Michael Jaharis (July 16, 1928 – February 17, 2016) was an American lawyer, businessman and philanthropist. He was the founder of Kos Pharmaceuticals and Vatera Healthcare Partners LLC, and co-founder of Arisaph Pharmaceuticals.

==Biography==
Jaharis was born in Evanston, Illinois on July 16, 1928. He graduated from Carroll University and received a J.D. from DePaul University College of Law.

From 1961 to 1972, he worked for Miles Laboratories. In 1972, he became President and CEO of Key Pharmaceuticals, which was essentially an insolvent company known for cold and cough remedies. Under his leadership, the company developed sustained-release Theo-Dur (theophylline), which became the nation's best-selling asthma remedy at the time, and cardiovascular drug Nitro-Dur. Key Pharmaceuticals was sold to Schering-Plough Corporation in 1986. In 1988, he founded Kos Pharmaceuticals, Inc. The company introduced the cholesterol-battling drug Niaspan, which raises HDL levels. Kos Pharmaceuticals was sold to Abbott Labs in 2006 for $4.2 billion.
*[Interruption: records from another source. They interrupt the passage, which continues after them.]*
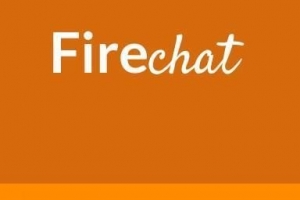 Hur fungerar firechat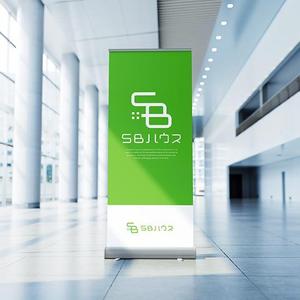 s m d s (smds)さんのローコストな建売住宅会社のロゴへの提案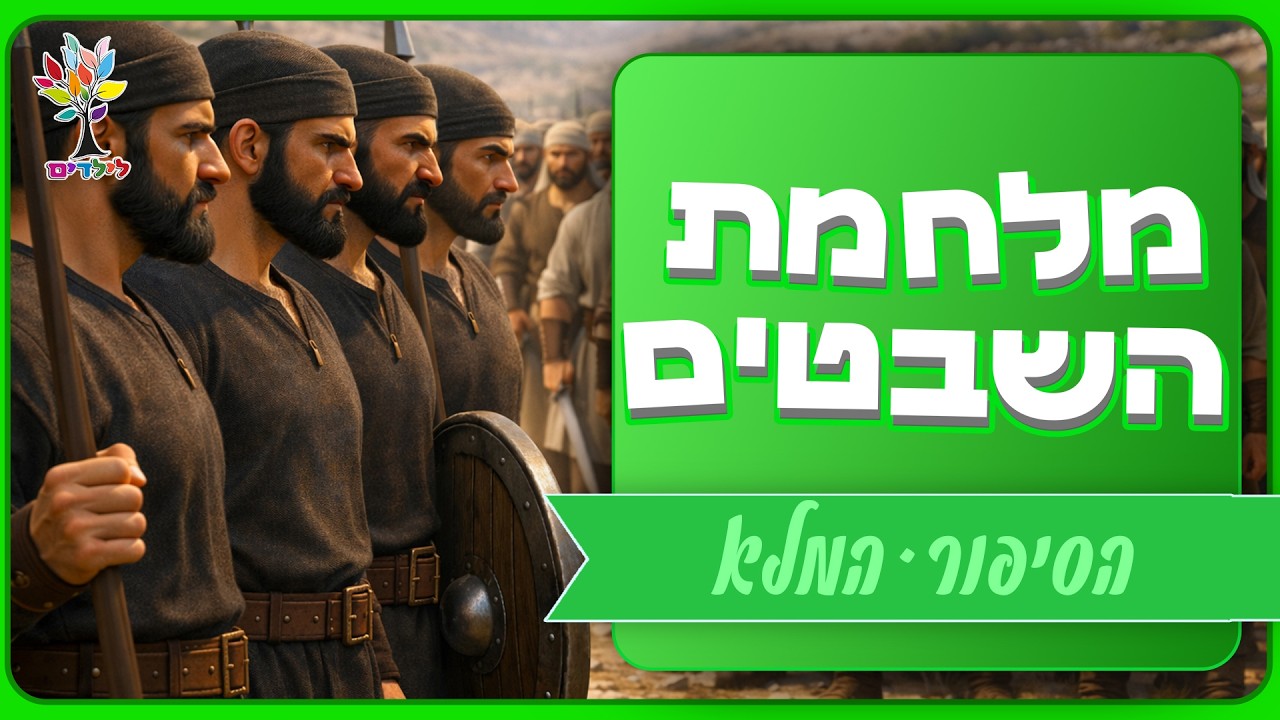 מלחמת שבט בנימין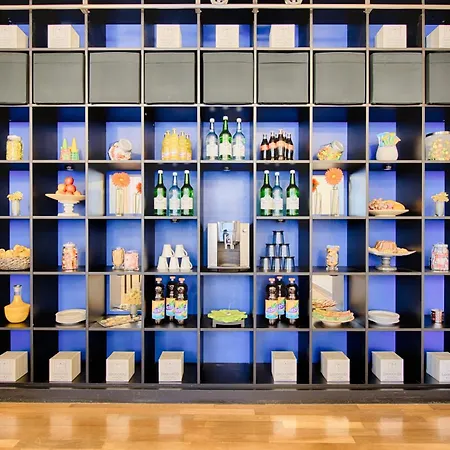 Leonardo Boutique Rigihof 4* Zürich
In 2007, Jaharis co-founded Vatera Healthcare Partners LLC, a New York City-based investment group focused on taking active positions in healthcare companies that develop products for medical needs in a range of therapeutic areas including chronic obstructive pulmonary disease (Pearl Therapeutics), cardio metabolic diseases and cancer (Arisaph Pharmaceuticals), antibiotic resistant bacterial infections (Melinta Therapeutics), and celiac disease (ImmusanT).
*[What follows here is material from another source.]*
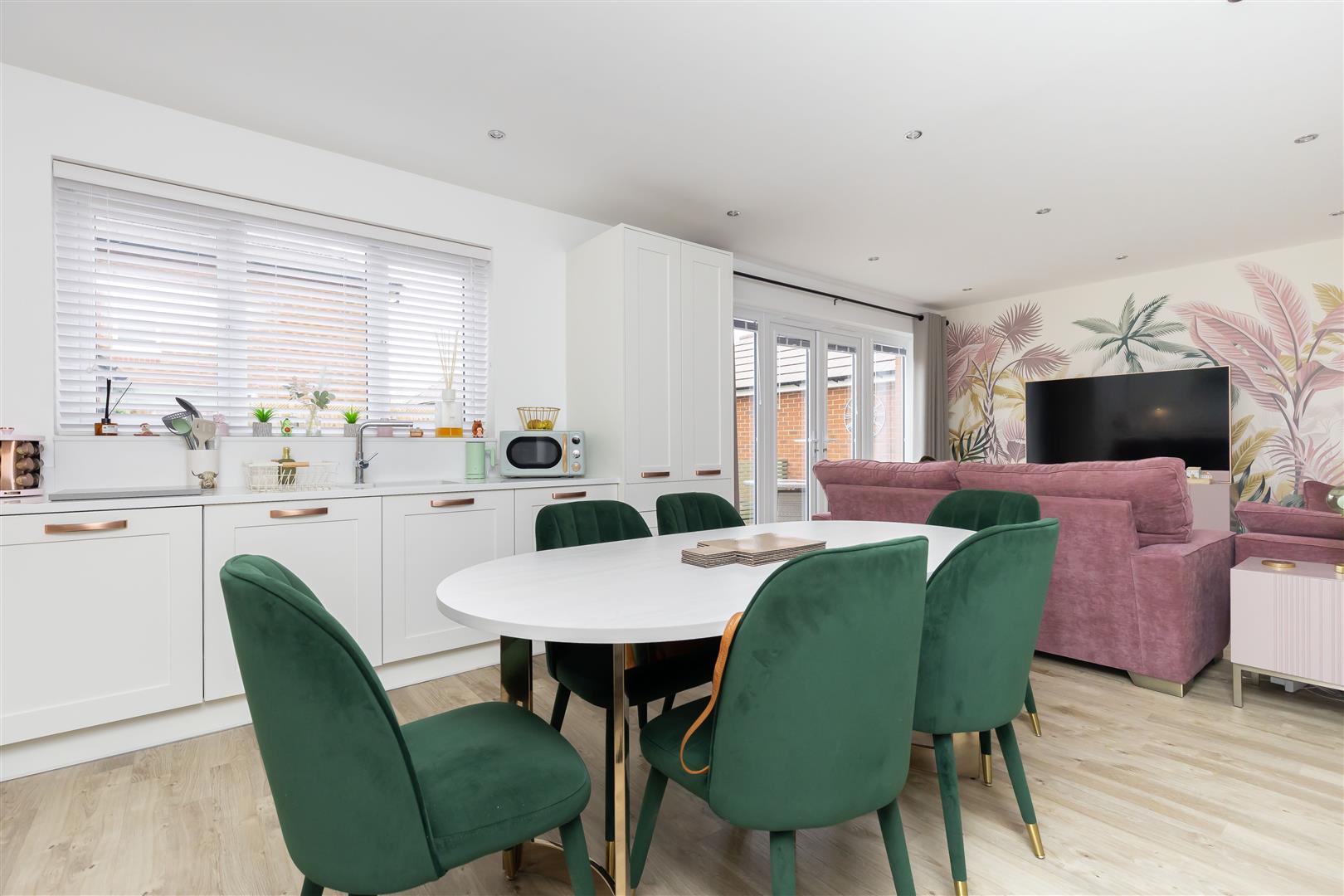 Freesia Avenue, Higher Bartle, Preston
He has made charitable contributions to the DePaul University College of Law, Columbia University Medical Center, Carroll University, the Weill Cornell Medical College of Cornell University, the Tufts University School of Medicine, the Metropolitan Museum of Art, the Art Institute of Chicago, and the Metropolitan Opera. He was the founder of FAITH: An Endowment for Orthodoxy and Hellenism. He also served as Trustee Emeritus of Tufts University and Chairman of the Board of Overseers for the School of Medicine of Tufts University; member of the Columbia University Medical Center Board of Visitors; member of the Board of Overseers of the Weill Cornell Medical College and Graduate School of Medical Sciences. He sat on the board of directors of the Onassis Public Benefit Foundation, and he was Vice Chairman of the Greek Orthodox Archdiocese of America. In 1986, Jaharis and wife Mary Jaharis founded the Jaharis Family Foundation, Inc. In 2013, the Foundation pledged $2 million to help relieve hunger and poverty in Greece during the country's fiscal crisis.

As of March 2015, he was the 847th richest person in the world, and the 297th richest in the United States, with an estimated wealth of US $2.2 billion.

Jaharis died February 17, 2016, in his home in New York City with his family by his side.